Le Rupellien, en direct de la Rochelle, nous dit que Grangier et Gabin, ça n’a pas toujours fait des étincelles*. Et de nous proposer quand même un film de 1958 du duo Audiard/Grangier, Le Sang à la Tête, adapté d’un Simenon, qui se passe justement à La Rochelle.

Gabin y est un ancien débardeur devenu armateur : un grand bourgeois ayant épousé une jeunette, qui,  évidemment, le trompe avec un ami d’enfance, demi-sel revenu d’Afrique, qui tape dans les finances de sa mère, mareyeuse en conflit avec l’armateur Gabin.

L’intrigue, on le voit, est assez compliquée au départ, et on peine à suivre les dialogues, pas toujours très distinctement prononcés.

Le vrai bonheur est surtout de voir cette France d’antan, à coup de Tractions et d’Arondes, de chaluts dans le port de la Rochelle, et d’Ile de Ré quasi déserte.  
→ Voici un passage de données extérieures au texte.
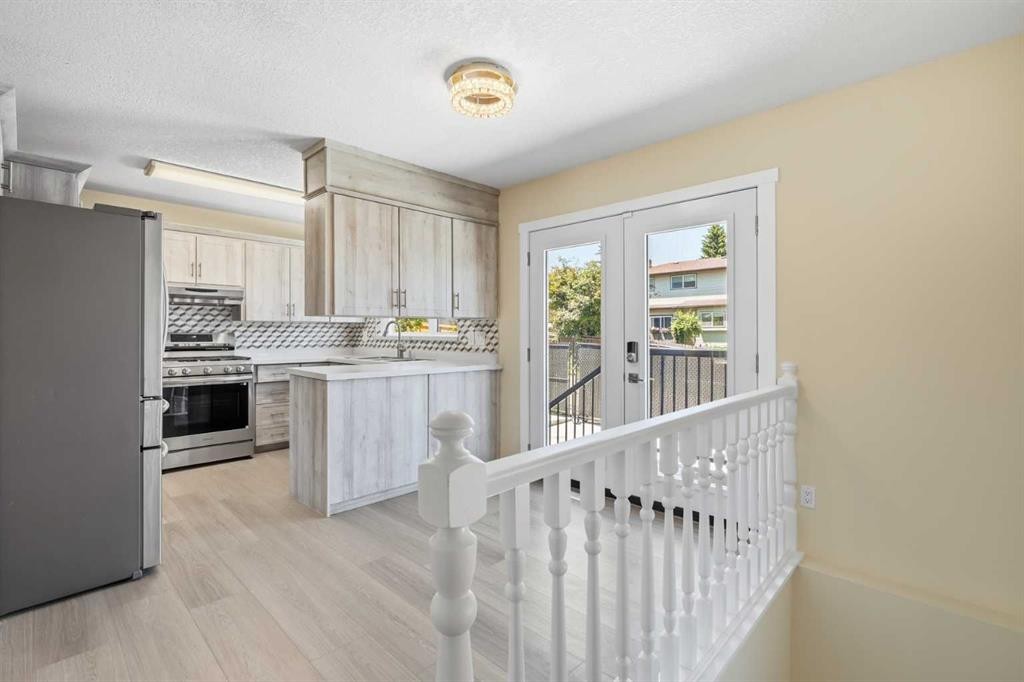 43 Beaconsfield Place Nw, Calgary, AB - Indoor Photo Showing Kitchen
L’autre charme du film c’est Gabin à contre-emploi, cocu à la Raimu, dont Grangier filme l’humiliation de dos, dans son pardessus en flanelle.
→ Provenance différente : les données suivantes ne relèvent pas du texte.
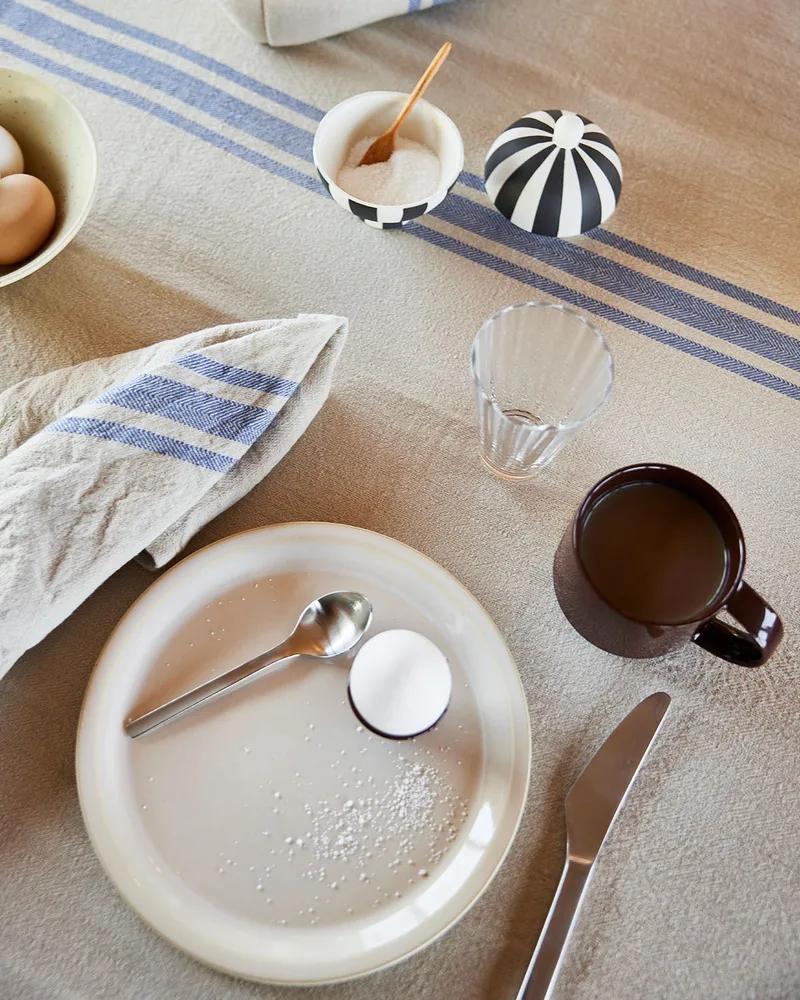 Yuka Lunch Plate - Pack of 2 de OYOY Living Design – photo d’ambiance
On attend le crime, la violence, mais elle ne viendra pas. C’est un peu la défaite du film, un contre-casting qui n’ose pas aller au bout de ses convictions, et pousser Gabin dans cette humiliation.

Audiard d’ailleurs rend les armes en fin de film en offrant à l’armateur cocu des gabinades qui vont constituer l’essentiel de la carrière de l’acteur après-guerre. Une fin morale comme il les aime, mais qui, personnellement, nous casse les couilles.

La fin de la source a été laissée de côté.